The window are all located under a porch ceiling and are never in direct sun. The home is also located lake front.
I am seeing probably 40% of the glazing with mildew.
Should this have been primed? There is no sign of paint failure, just the mildew.
I was led to believe that if the glazing had cured,( it had a couple of weeks, albeit without direct sun and the majority of those were rain days), that one could apply oil base paint straight to the glaze. 
The glaze is DAP 33. I mean, I would have used an oil primer anyway..
Did I do something wrong here?
Thanks for any input
Rand R


----------



## prototype66 (Mar 13, 2008)

Oil base paint mildews outside quite a bit!
Kill the mildew, prime and two coat with 100% acrylic and the problem should be fixed.


----------



## Wood511 (Dec 13, 2010)

Mildew is a moisture issue and over time there's really nothing a painter can do to prevent it from forming. It's the environment and combination of temp, humidity, ventilation, sun exposure etc....

Try killing it with something bleach/vinegar/high acid based and see what you have underneath. It may not need to be repainted. Of course, if the conditions in that specific spot don't change, it will just come back.


----------



## premierpainter (Apr 17, 2007)

Oil outside is going to attract mold. Like above said, prime and paint with latex


----------



## kdpaint (Aug 14, 2010)

What they said.


----------



## randrohe (Sep 7, 2010)

Thanks for your thoughts.
Priming and repainting isn't really an option. There are 436 4x4 paines if I remember correctly. Had I used an oil primer, wouldn't this have still occurred? Like I said, the paint looks fine still, so I don't have to get into repainting. Thank God.
So, Wood115, I like what I'm hearing from you. I believe it is mostly due to existing conditions (damp, no sun) and can be dealt with by bleaching. Do you recommend using vinegar also? 
I don't remember seeing this on the original oil coatings that still exist in this area. (NE PA)
Is today's oil formula a contributing factor?
Thanks for any more input
Rand R
Brothers' Painting


----------



## prototype66 (Mar 13, 2008)

Mildex or bleach work. so does ammonia. It will return no matter what you do if it is always wet and no sunlight. Had the same project every year in Maitland FL. Owner lived on a lake and his yard was a botanical garden! Anything Mrs B planted bloomed! Pressure washed everything and did windows once a year until I moved!


----------



## DeanV (Apr 18, 2007)

can you still find mildex? Haver not seen it for a couple years since the original was bought by someone and I heard heard the product was dropped.

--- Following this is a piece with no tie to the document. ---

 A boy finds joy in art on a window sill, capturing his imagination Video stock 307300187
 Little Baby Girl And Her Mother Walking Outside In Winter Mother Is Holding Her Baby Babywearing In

Sent from my T-Mobile G2 using Paint Talk


----------



## CliffK (Dec 21, 2010)

randrohe said:


> I don't remember seeing this on the original oil coatings that still exist in this area. (NE PA)
> Is today's oil formula a contributing factor?
> Thanks for any more input
> Rand R
> Brothers' Painting


 Some oils have more linseed oil in them than others. The more linseed=the more mildew, has been my experience.


----------



## Wood511 (Dec 13, 2010)

I would try bleach based stuff or (I think) white vinegar - you may want to double check that on the web. You want something highly acidic. I've even heard of lemon juice working.

I typically use Chlorox "4 in 1" with bleach. Spray a light coat on and walk away. Heavier stuff may need a few applications but I don't wipe it off or anything. Just let it eat. Brushing or wiping may spread the spores. 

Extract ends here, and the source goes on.